Halliburton's shares are up nearly 27% for the year to date, currently around $64.50, easily outperforming the S&P 500 (SPY), which is up 2.7% in the same period.
Despite the rally, the company's shares are trading just 20.8 times its trailing earnings and 1.8 times its trailing sales, significantly cheaper than most of its peers. The industry average share price is 2.48 times trailing sales and 44 times trailing earnings, according to Thomson Reuters.
In the first quarter of the current fiscal year, Halliburton swung to a net income from continuing operations of $623 million after a loss of $13 million in the same quarter last year. However, excluding the $637 million in charges related to the Macondo litigation recorded in the prior year, the company's earnings were flat. Its revenue, on the other hand, climbed 5.4% to first-quarter record levels of $7.35 billion.
Halliburton's revenue from North America increased by 5.3% year-over-year to $3.90 billion, but operating income dropped by 0.5% to $602 million.

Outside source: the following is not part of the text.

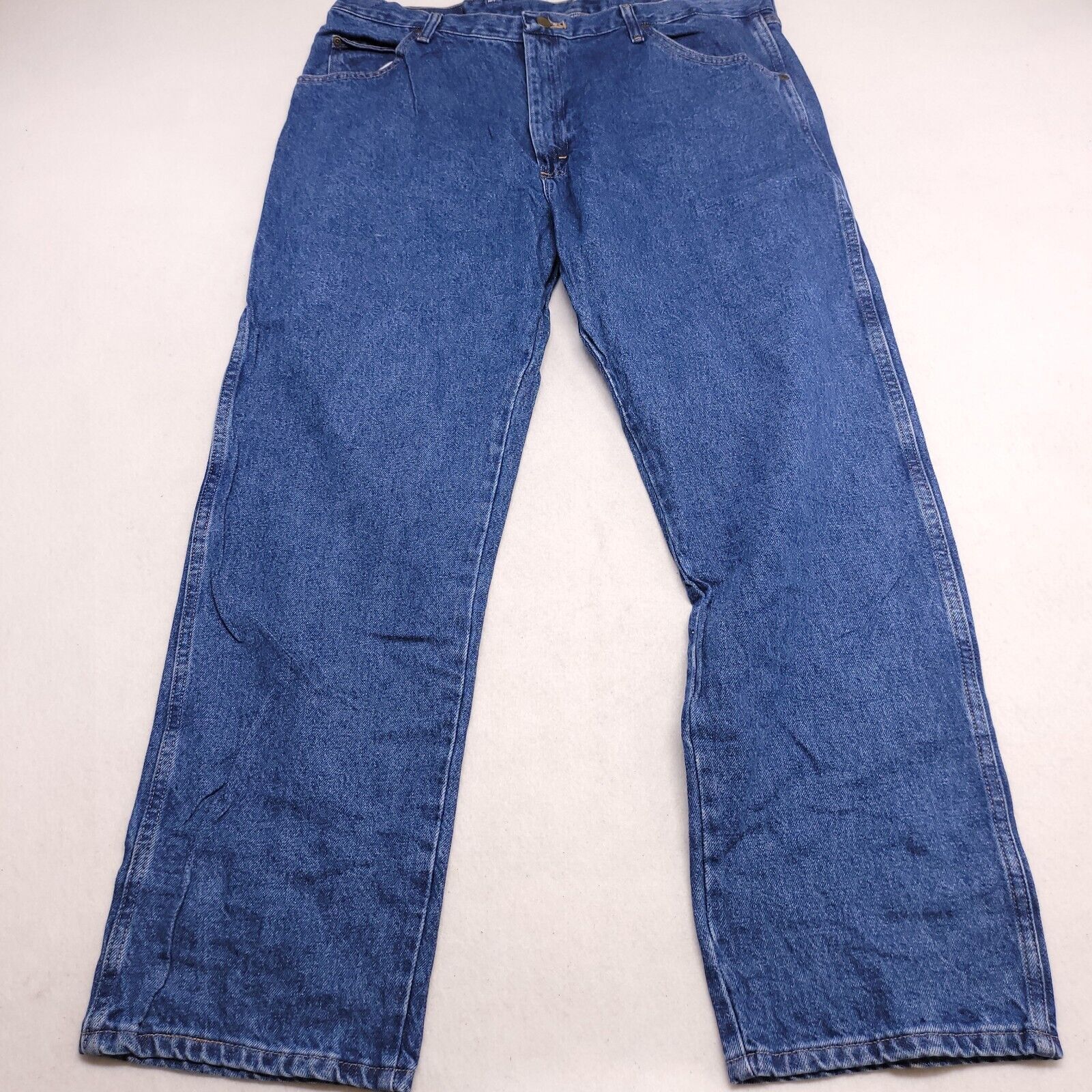 Wrangler Wrangler Casual Button Zip Denim Jeans Mens Size 40x30 Blue Size US 40 / EU 56 - 2 Thumbnail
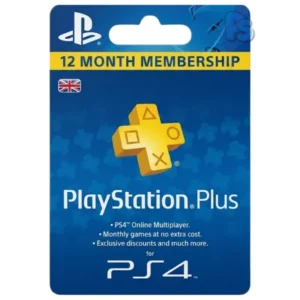 PS Plus UK 12 Months original PlayStation subscription code price in Pakistan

Unlike Schlumberger (SLB), and much like Baker Hughes (BHI), Halliburton gets more than 50% of its revenues and more than 60% of its operating income from North America.
The severe winter weather conditions as well as an increase in freight and fuel costs and lower pressure pumping prices had an adverse impact on Halliburton's operations in North America.
On the other hand, Halliburton's robust growth in the international markets is making up for the sluggishness at home. Halliburton has reported a 13.5% growth in revenues and 12.8% growth in operating income from the Middle East and Asia, driven by an increase in rig count in Saudi Arabia.
The company's Middle East and Asia region has now become nearly as large as its second-biggest market, which covers Europe, Africa and the Commonwealth of Independent States region of former Soviet nations. The company reported a 9% and 21% increase in revenues and operating income from Europe, Africa and CIS.